=== Supplied data ===
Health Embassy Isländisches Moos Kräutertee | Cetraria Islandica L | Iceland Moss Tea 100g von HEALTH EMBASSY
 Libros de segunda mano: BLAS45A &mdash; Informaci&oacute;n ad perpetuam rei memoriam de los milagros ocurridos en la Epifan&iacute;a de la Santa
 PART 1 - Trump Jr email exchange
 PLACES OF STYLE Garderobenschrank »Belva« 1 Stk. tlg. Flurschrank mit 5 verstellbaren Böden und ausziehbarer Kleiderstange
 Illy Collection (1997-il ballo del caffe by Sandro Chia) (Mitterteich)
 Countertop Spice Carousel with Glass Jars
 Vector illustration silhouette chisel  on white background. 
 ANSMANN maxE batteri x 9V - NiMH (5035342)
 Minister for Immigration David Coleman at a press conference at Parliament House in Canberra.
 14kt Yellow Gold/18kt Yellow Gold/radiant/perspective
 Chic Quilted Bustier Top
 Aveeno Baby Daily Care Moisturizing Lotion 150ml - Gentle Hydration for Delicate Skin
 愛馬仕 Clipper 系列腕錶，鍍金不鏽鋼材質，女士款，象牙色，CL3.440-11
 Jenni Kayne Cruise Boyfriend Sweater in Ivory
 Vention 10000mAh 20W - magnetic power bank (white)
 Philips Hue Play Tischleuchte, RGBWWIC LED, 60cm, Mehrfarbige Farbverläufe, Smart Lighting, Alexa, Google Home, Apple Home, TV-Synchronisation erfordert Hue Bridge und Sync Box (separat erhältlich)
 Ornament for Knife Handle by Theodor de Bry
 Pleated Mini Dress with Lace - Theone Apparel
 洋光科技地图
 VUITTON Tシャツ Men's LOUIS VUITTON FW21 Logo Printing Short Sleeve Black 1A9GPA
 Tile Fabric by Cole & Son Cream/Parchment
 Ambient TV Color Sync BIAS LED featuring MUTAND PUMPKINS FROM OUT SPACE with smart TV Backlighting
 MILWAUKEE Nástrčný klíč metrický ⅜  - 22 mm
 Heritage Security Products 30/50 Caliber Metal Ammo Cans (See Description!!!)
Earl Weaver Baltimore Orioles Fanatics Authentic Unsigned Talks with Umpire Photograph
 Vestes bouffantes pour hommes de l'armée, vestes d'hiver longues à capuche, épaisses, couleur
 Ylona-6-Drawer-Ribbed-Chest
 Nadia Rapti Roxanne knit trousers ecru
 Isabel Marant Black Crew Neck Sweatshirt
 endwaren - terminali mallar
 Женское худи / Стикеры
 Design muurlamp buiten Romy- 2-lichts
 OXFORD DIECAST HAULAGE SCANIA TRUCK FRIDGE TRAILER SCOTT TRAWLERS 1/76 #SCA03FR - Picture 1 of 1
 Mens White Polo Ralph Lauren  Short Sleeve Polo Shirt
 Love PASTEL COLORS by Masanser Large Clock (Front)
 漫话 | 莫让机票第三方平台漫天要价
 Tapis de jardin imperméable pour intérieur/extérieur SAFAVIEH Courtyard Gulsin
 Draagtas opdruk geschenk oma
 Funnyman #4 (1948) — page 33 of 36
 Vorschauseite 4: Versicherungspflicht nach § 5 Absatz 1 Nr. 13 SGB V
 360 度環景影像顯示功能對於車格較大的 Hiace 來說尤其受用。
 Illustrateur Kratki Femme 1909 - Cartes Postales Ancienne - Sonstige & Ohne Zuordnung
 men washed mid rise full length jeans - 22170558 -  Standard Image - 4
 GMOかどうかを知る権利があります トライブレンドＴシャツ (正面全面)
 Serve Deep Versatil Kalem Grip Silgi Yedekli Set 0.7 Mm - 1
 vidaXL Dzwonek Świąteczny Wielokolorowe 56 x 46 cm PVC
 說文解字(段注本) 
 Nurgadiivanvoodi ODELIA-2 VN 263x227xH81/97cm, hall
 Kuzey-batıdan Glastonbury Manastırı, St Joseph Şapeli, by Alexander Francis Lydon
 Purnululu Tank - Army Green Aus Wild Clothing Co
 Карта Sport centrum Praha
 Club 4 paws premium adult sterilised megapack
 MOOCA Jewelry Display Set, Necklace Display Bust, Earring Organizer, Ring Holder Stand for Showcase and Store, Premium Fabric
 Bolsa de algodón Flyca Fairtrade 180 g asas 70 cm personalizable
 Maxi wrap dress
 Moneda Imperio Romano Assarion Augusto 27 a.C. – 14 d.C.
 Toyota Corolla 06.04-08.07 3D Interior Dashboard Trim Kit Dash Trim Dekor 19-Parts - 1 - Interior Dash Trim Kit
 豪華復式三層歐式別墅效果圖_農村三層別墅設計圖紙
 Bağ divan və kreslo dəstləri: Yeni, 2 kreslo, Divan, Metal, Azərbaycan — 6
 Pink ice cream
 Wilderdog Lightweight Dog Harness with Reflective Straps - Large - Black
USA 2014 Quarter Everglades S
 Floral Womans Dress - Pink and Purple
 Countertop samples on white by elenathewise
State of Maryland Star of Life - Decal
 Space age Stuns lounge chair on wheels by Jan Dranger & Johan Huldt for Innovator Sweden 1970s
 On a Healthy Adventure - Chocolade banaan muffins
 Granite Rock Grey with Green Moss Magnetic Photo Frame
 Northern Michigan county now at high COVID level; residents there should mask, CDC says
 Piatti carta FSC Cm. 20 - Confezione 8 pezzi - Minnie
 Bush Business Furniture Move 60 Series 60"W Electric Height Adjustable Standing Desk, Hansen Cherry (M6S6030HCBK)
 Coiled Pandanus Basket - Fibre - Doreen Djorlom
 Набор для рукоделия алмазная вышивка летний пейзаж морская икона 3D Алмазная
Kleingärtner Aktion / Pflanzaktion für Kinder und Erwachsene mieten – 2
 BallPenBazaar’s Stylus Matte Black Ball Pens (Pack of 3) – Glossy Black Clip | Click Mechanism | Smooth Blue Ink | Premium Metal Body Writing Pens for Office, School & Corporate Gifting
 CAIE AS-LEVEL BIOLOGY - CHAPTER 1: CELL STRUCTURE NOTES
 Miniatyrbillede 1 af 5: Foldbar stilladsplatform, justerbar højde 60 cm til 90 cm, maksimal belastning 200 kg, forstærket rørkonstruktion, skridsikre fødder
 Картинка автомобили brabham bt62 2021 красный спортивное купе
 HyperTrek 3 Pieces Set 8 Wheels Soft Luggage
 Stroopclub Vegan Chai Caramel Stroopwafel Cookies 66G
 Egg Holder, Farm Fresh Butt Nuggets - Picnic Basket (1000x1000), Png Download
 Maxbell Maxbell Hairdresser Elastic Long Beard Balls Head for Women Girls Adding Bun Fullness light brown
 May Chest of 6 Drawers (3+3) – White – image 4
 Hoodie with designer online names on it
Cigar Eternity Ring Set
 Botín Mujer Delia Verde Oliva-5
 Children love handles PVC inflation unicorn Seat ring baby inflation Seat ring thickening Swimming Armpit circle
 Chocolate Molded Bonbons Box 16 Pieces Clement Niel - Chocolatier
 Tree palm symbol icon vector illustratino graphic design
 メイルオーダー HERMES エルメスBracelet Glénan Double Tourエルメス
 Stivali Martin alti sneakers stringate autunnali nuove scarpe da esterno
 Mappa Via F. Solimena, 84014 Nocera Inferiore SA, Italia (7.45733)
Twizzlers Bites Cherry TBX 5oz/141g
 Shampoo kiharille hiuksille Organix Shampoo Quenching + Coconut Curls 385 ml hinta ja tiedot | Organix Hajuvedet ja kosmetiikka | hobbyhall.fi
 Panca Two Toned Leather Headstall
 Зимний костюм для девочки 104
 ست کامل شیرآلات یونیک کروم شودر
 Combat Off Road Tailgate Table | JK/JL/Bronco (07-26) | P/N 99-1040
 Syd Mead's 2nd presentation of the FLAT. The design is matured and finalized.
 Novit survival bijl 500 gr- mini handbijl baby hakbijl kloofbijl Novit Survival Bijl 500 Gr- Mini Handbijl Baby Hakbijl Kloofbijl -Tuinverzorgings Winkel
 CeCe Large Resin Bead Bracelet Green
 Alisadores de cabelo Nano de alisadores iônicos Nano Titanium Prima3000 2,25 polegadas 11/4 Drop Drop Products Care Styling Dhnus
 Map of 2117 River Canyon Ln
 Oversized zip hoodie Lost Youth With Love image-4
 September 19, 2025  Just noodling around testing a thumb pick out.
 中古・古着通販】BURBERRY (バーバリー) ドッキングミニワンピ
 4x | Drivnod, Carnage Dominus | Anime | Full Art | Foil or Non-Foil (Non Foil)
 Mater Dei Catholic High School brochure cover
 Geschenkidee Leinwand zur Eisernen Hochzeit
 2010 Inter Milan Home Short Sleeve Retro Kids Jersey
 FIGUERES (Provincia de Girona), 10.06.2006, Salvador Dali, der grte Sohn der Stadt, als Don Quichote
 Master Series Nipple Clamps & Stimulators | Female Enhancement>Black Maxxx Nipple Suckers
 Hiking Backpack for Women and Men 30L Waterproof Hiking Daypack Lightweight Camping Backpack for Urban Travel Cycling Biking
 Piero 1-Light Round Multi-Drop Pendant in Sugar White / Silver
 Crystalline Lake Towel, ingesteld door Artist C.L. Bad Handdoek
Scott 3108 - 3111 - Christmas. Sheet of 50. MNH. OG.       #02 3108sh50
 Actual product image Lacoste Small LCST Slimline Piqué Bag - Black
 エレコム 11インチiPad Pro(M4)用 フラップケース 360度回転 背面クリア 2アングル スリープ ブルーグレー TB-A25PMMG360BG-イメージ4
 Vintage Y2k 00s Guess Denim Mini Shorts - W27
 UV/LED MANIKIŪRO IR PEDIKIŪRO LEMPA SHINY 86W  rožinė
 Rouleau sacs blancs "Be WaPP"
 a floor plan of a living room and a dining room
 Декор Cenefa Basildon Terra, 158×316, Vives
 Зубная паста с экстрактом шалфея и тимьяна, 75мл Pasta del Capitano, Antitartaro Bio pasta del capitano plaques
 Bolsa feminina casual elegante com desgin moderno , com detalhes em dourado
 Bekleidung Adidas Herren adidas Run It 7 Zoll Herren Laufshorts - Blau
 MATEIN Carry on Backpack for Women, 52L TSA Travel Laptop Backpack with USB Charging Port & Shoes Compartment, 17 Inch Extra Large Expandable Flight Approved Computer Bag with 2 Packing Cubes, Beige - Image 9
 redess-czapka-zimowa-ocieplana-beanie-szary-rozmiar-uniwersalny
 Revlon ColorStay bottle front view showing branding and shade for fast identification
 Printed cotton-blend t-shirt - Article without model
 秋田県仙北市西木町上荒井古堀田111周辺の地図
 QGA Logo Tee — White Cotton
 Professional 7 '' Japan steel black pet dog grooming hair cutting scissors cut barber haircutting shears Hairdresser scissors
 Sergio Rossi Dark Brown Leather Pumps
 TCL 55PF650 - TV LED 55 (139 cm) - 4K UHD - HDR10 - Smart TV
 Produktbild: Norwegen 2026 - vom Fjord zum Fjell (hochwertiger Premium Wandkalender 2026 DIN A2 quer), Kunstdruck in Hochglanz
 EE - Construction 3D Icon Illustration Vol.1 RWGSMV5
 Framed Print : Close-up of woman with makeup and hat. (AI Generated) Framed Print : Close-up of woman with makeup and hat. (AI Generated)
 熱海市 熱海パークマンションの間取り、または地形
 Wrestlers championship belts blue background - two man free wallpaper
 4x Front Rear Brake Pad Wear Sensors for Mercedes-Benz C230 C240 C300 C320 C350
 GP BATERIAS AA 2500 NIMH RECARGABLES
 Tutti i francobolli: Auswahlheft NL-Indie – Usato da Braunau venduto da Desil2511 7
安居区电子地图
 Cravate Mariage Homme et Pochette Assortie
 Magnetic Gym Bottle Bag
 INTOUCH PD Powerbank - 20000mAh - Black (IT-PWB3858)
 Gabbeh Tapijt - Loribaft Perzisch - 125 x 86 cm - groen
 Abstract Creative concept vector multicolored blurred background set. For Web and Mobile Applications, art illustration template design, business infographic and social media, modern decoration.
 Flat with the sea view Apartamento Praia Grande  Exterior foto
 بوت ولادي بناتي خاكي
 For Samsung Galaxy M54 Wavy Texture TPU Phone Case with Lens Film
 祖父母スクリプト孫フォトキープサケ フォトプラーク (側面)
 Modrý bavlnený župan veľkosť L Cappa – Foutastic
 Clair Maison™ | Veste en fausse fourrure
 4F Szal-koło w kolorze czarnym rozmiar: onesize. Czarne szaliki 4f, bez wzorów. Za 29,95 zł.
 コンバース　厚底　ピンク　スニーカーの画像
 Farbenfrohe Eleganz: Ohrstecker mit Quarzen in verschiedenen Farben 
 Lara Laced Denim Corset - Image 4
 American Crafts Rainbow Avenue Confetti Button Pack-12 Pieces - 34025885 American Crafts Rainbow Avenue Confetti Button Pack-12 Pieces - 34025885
===
#### Your objective:
When the string "Products" appears in a line of the records above, that line is to be copied.

#### Finished exercise:
 Heritage Security Products 30/50 Caliber Metal Ammo Cans (See Description!!!)
 Alisadores de cabelo Nano de alisadores iônicos Nano Titanium Prima3000 2,25 polegadas 11/4 Drop Drop Products Care Styling Dhnus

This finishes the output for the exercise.